Directions for this task -
Look through the data below and say how many of its lines contain "Image", adding nothing else.

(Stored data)
[Start of Attachment]
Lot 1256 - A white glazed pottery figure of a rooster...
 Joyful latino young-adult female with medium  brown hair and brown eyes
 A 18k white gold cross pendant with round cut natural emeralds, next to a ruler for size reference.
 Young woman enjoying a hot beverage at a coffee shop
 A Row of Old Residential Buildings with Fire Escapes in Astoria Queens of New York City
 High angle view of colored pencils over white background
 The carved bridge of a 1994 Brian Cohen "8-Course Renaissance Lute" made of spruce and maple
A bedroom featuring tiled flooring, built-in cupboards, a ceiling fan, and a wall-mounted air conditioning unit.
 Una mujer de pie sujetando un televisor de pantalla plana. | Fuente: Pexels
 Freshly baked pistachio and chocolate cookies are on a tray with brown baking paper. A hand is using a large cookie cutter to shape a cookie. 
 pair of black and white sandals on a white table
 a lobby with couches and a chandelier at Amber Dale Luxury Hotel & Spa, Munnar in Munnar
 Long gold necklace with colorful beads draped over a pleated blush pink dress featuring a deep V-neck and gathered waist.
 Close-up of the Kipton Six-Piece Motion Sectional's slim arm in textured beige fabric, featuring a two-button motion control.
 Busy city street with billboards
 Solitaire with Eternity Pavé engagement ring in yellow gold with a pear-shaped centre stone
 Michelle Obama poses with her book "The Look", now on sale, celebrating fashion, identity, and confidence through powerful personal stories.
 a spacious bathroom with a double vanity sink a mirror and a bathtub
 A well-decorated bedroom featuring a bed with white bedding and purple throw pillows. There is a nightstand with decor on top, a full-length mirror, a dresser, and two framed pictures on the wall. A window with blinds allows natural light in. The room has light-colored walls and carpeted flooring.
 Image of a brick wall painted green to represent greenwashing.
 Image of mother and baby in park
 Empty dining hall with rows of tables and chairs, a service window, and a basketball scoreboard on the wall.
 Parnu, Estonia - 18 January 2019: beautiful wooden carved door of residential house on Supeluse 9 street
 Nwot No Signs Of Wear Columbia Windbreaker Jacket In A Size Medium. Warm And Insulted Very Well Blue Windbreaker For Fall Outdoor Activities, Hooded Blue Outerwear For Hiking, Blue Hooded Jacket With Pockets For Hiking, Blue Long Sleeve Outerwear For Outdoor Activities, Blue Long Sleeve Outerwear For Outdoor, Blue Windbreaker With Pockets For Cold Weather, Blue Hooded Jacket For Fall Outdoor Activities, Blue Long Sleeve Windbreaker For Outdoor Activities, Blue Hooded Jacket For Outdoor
[End of Attachment]
Finished task -
2